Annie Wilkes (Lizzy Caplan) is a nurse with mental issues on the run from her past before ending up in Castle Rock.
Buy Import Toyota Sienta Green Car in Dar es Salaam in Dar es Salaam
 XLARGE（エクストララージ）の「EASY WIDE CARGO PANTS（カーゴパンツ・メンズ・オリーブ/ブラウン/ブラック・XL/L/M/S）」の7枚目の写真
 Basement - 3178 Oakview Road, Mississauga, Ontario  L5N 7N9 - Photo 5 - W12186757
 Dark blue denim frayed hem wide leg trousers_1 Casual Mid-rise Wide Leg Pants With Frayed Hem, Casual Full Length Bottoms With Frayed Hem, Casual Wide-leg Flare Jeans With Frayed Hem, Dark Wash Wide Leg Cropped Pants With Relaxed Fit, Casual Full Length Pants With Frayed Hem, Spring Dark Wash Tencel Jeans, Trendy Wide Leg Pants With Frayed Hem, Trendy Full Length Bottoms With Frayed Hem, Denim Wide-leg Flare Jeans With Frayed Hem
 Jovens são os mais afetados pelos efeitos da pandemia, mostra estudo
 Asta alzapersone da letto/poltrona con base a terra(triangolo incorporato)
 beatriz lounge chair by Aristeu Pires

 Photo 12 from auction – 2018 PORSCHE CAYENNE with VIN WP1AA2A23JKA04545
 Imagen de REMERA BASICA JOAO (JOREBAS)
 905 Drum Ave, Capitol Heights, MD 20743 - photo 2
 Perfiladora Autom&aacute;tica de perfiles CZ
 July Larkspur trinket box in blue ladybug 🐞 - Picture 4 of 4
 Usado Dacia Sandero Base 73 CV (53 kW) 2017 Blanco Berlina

**Exercise requirements**
After locating the line with "Jovens são os" above, return that line and every later line through the one with "Perfiladora Autom&aacute;tica de perfiles CZ", word for word and with nothing else.

**Answer for this exercise**
 Jovens são os mais afetados pelos efeitos da pandemia, mostra estudo
 Asta alzapersone da letto/poltrona con base a terra(triangolo incorporato)
 beatriz lounge chair by Aristeu Pires

 Photo 12 from auction – 2018 PORSCHE CAYENNE with VIN WP1AA2A23JKA04545
 Imagen de REMERA BASICA JOAO (JOREBAS)
 905 Drum Ave, Capitol Heights, MD 20743 - photo 2
 Perfiladora Autom&aacute;tica de perfiles CZ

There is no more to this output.